Do I laugh? Do I cry? Do I scream? ALL THREE!! Bwaagghlrlrghhahaha!!
posted by cavalier at 7:13 AM on July 28, 2005

I didn't know centipedes ate roaches...damn, who do you root for in that fight? Centipedes, since there's fewer of them, I guess.

I think the cries of "eek" here are funny. There are some really lovely-looking, non-lethal bugs on that site too. Although I could have gone without knowing there is a bug known as a "toe-biter" that both flies and swims...and bites you. That's wrong.

Shout out to all the fellow Texans...anybody else here seen a tarantula migration? That's a hell of a thing to witness. Most of them get squashed when they cross a road though.
posted by emjaybee at 7:23 AM on July 28, 2005

This thread should be labeled "NSFPWAPAHFI" - Not Safe For People Who Are Paranoid About Huge Freaky Insects.
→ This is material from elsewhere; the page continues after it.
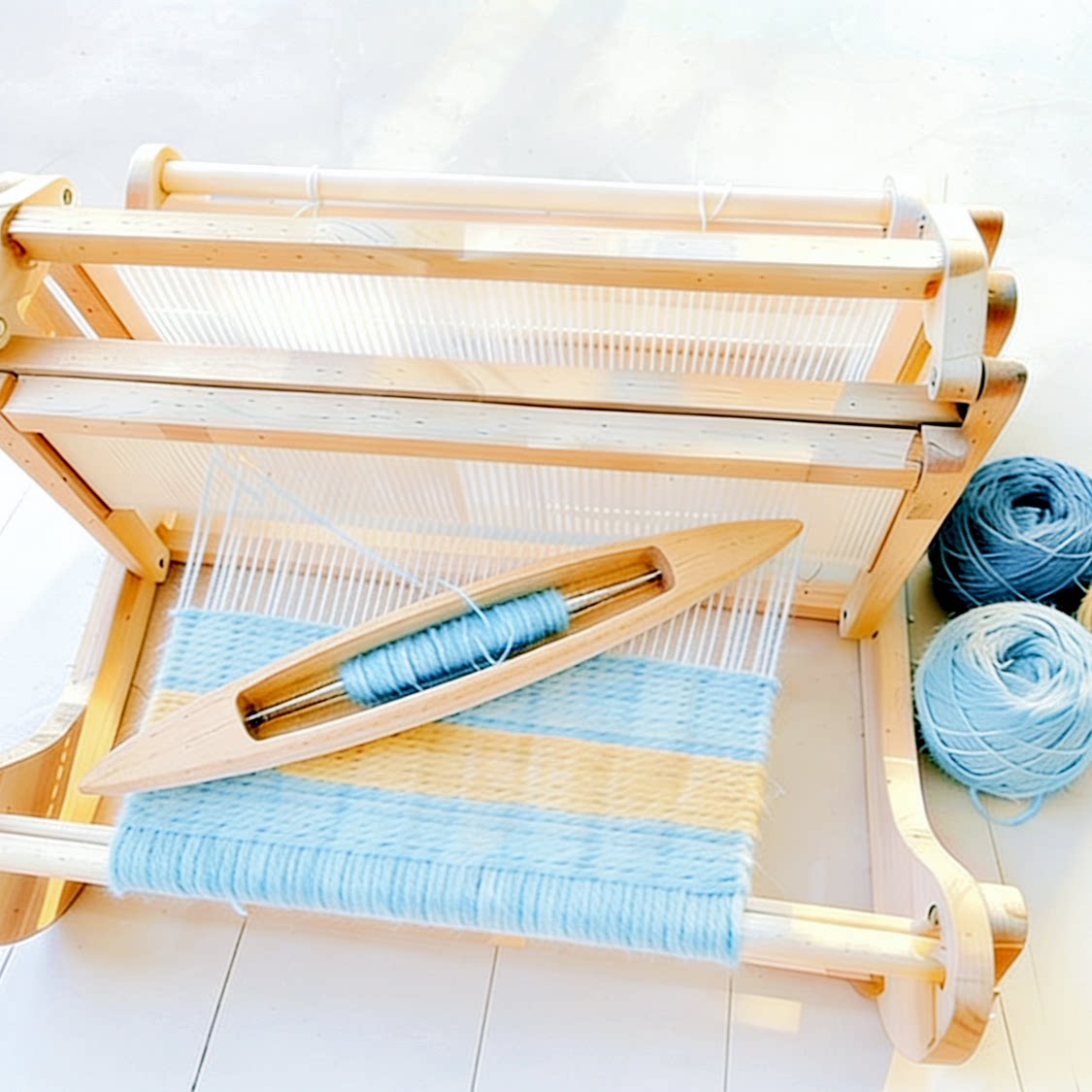 Handmade Solid Wood Loom | Com - Home Improvement Tools recensione e prezzo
Like me. I am SO glad that we moved from South Texas to Montana a few years ago -- in Texas, you can throw a saddle on some of those fuckers.
posted by davidmsc at 8:00 AM on July 28, 2005

And all along I thought my fear of house centipedes was abnormal.... There is truly something primordially disturbing about them. Even killing them is not for the squeamish: their legs fall off and start wriggling like mad. I always get the horrifying thought that the legs will just turn into to more centipedes.
posted by malaprohibita at 8:18 AM on July 28, 2005

Lest we forget the clock spider or camel spider.

/gouges out brain
posted by jewzilla at 5:02 PM on July 28, 2005

Well, at least it's reassuring to know that I'm not the only one with these crawling around my house. Actually I think it might make me feel a little less freaked out the next time I see one, also with the knowledge that they aren't harmful and are actually good at keeping out other bugs. The only worse thing than house centiipedes are cockroaches. At least with centipedes, I don't see them all that often. Sometimes a couple of times a day, almost always just one at a time, and often I can go weeks without seeing a single one. Whereas with roaches, you know as soon as you turn out the lights, they're all going to come out of hiding and start crawling anywhere and since it's dark you can't see them. Not to mention the horror of being grossed out when you open the fridge, the medicine chest or a kitchen cupboard. Years ago, I lived in an apartment for a short time that was crawling with them. I just have to keep reminding myself of how awful that was and hope that helps me get over an occasional centipede.
posted by marsha56 at 6:04 PM on July 28, 2005

Thanks for this post. I love bugs. (^_^)
posted by MightyNez at 6:48 AM on July 29, 2005

What's wrong with you people? House centipedes are awesome.

Seeing pictures of the toe-biter, on the other hand, made me feel distinctly uncomfortable about the fact that I'm sitting on the floor.